The result is that as activity on Phoenix grew in recent weeks, so did Solana’s stablecoin transfer volume.

Analysts who were unaware of how Phoenix worked assumed that Solana’s stablecoin transfer volume equated to its stablecoin trading volume — real trades between two counterparties — when it did not.

DefiLlama data shows that Phoenix settled $670 million worth of trades in the week ending January 28.

Onchain stablecoin trading volumes is a widely-watched metric.
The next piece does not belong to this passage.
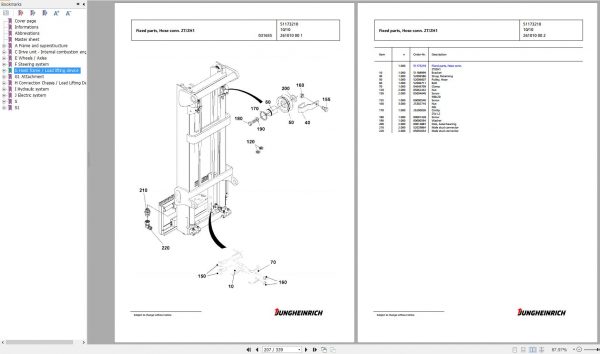 Jungheinrich Forklift TFG 316s GE120 330ZT Spare Parts Manual FN426246 2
Analysts view it as a powerful heuristic for quality activity because it represents real dollar equivalents moved around on a blockchain, rather than volatile, unbacked tokens.

The metric is most useful on blockchains with a substantial transaction fee — like Ethereum — because it implies those trades are likely to represent real economic activity.

‘A common market-making pattern’

According to Chen, the reason Phoenix is responsible for an outsized amount of Solana transfer volume is because of the activity of market makers on the exchange.

He described “a common market-making pattern” where market makers repeatedly deposit and withdraw assets from different markets on Phoenix in order to place limit orders.

“None of this is trading volume, but because it happens very frequently it creates a lot of token transfer volume,” Chen said.

Such market-maker behaviour is not limited to onchain exchanges like Phoenix.

In markets including stocks, currencies, and commodities, market makers both buy and sell securities at competitive prices — acting as somewhat of a wholesaler. The market maker profits by exploiting price gaps with laser precision — hundreds of algorithmic trades that can happen in the blink of an eye. Investors benefit because such trading activity creates lots of counterparties, giving them a greater ability to quickly buy or sell a security, especially in large chunks.

And as Wintermute CEO Evgeny Gaevoy told DL News in an interview last year, crypto market making activity is similar.

“These are real USDC token transfers, creating real USDC transfer volume, but with little-to-no economic activity associated with them,” Chen said.

The confusion arises when analysts, such as those at Sphere, compare Solana’s stablecoin transfer volume — which includes thousands of onchain transfers from market makers — with that of other blockchains where such activity isn’t recorded onchain.

This can give the false impression that Solana users are trading many more stablecoins than they actually are.

For Solana, making sure people don’t overestimate the blockchain’s activity metrics is important. Solana co-founder Anatoly Yakovenko wrote in an X post conversation about the issue:

“Pls filter out the [market-maker] transfers.”